With their romantic vision of the Canadian landscape, the Group of Seven portrayed nature as strong, resilient and wild. They equated the land, its dense growth of trees through the changes of seasons, and vast waterways, with the youthful nation: a site of promise and possibility.
But the group were very much artists of their time, involved in the currents and paradoxes of their time. For instance, they were city-based artists who painted landscapes devoid of people. Much of their training and income derived from commercial assignments. These image-makers of wild spaces started their careers in a small office in Toronto, creating ads selling such things as women’s underwear, hair products and army recruitment posters. Is it high art or commercial art that best reflects the changes happening around us? The answer, of course, is both. And the Group of Seven were deeply involved in both.
The above ads demonstrate how fashion moved away from turn-of-the-century corsets and bustle skirts to the loose-fitting dresses and hatless bob-haired styles of the flapper era. In a short span of twenty years, a world war raged and women gained the right to vote. A revolution of prosperity, driven by machines, international trade and urban life was well underway. Modern art, with its love of innovation, reflected this global transformation.
Just how modern were the Group of Seven artists? Most of the artists are best described as restless, moving about from job to job, often travelling and painting on the fly. Some members of the group had studied art in Europe, some fought in the war or were involved in war-time messaging. Through their day jobs in advertising, members of the group were steeped in post impressionism, art nouveau and other modernist trends. Working on weekends in rented cottages, taking countless train rides from Toronto to Algonquin Park and beyond, their working methods forced them to paint with speed and spontaneity. As travel artists, they fancied themselves pioneers of a new path, throwing off centuries of dull tradition in favour of a more daring and personal vision. This is the very spirit of modernism.
Tom Thomson (1877-1917) was born just 10 years after Confederation.

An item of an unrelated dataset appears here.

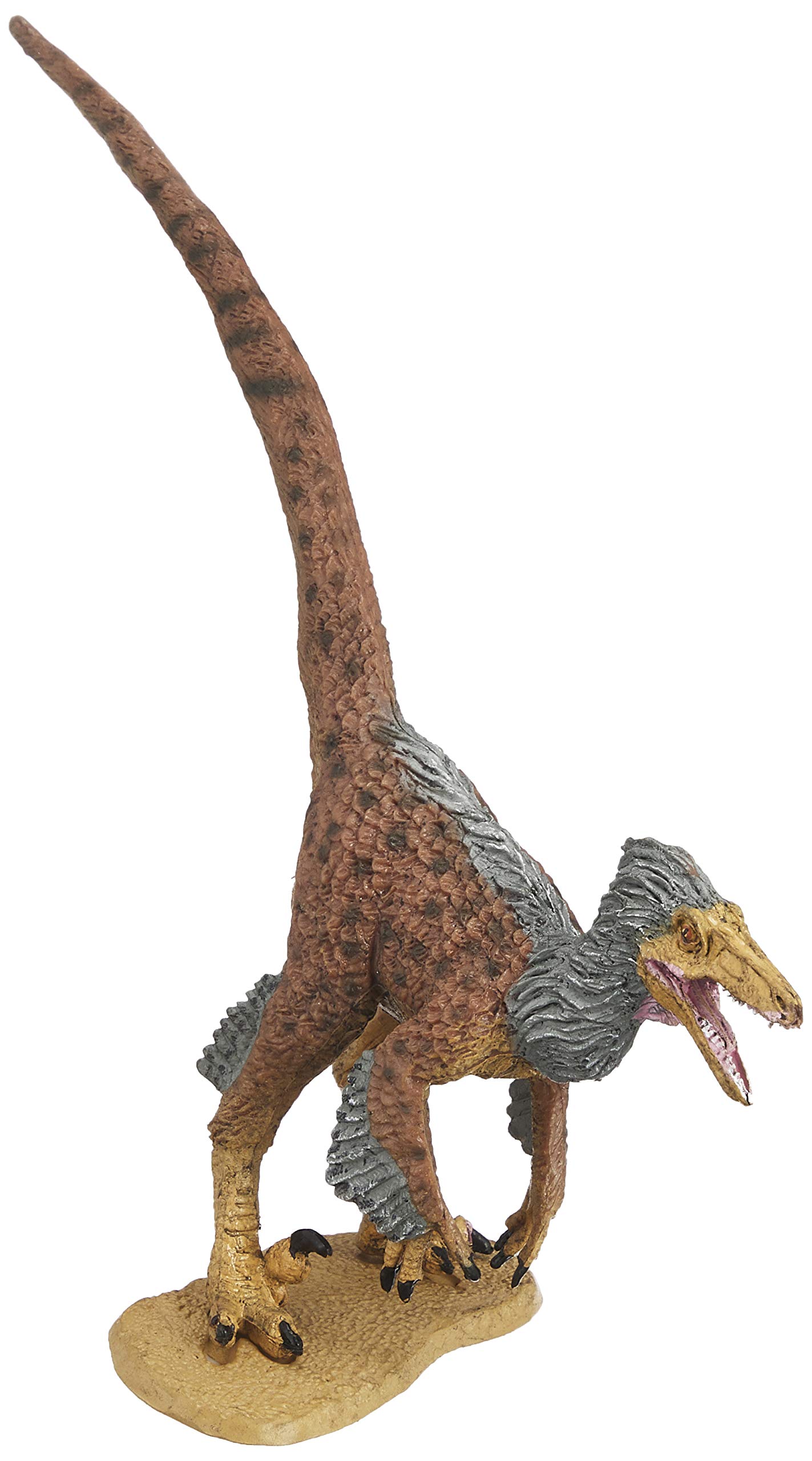 Amazon.co.jp: フェバリット ヴェロキラプトル ソフトモデル(FDW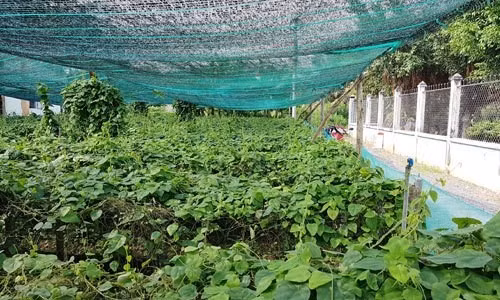 Lá sương sâm giá dao động từ 60.000 đến 100.000 đồng/kg. Lá đạt chất lượng sẽ cho thu hoạch từ 20 - 25 ngày một lần. Ảnh: Vietnamnet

He was influenced by a great nation-building project. The expansion of industry and spread of the railway allowed him and his fellow artists access to remote areas. Thomson was an anomaly in almost every way. He was 27 years old when he first picked up a paintbrush, 39 years old when he died. One of the most likeable members of the group, his life ended in a wholly unexpected quarrel with an unstable man who he thought was his friend.
This leads us to the first paradox of the Group of Seven: Tom Thomson was a Pacifist who refused to participate in the horrors of World War 1. Instead he retreated to the safety and isolation of a provincial park in northern Ontario, where he was promptly murdered. In true Canadian fashion, this loss is too cruel for us, so we call Thomson’s death a mystery. Before the Group of Seven had officially formed, which wouldn’t happen until 1920, they had lost their most gifted member. Thomson’s long shadow follows the group as they search for artistic identity.
The group’s journey intersects with another important trend: the national parks movement. It starts in the United States and Canada follows suit. From the start, Canadians are conflicted over the purpose of their national parks. Are these protected spaces meant for recreation, conservation, or the development of industry? Some members of the Group of Seven were avid campers and woodsmen, others not so much. But in their art, they come together in a shared vision of the country, using daring colours (no more dull green and brown landscapes for them!) and thick dabs of paint that give the images a fresh and vibrant look.
The Group of Seven was assisted financially by the most energetic member of the group, Lawren Harris and his friend, Dr. James MacCallum. These two constructed a building in Toronto, which they divided into studios and rented out to their artist friends at an affordable rate. Tom Thomson lived rent-free in a small cottage in the back. Harris and MacCallum also arranged for exhibitions and trips to northern Ontario. Harris’s wealth came from the Massey Harris company, which sold modern tractors to farmers around the world.
In the second paradox of the Group of Seven, the Massey Harris farm equipment revolutionized agriculture, bringing with it all the rewards of mechanized, big-scale industry, but at an unexpected cost. No one was aware of it at the time, but one of the consequences of industrial agriculture, with its deep plowing and soil disruption, is erosion and the inability of land to hold water. In times of drought, uncovered soil turns to dust and blows off in huge destructive clouds, leaving great tracts of land in a state of ruin. This is what happened during the Dustbowl of the 1930s. These drought-ridden farms are one of the indelible symbols of the Great Depression.
The glorious images of wilderness abundance that the Group of Seven specialized in were no longer relevant for a time of deprivation and environmental disaster. It is no coincidence that this is exactly the moment, the 1930s, when the Group disbanded.
A few of the artists became teachers and continued to exert influence on a younger generation. But with the arrival of the Second World War, their time had passed and new styles took over. However, in our national museums, the Group of Seven has gained status equivalent to a gold standard. They were, after all, Canada’s first homegrown art movement and remain among our best known and most popular artists with public and collectors.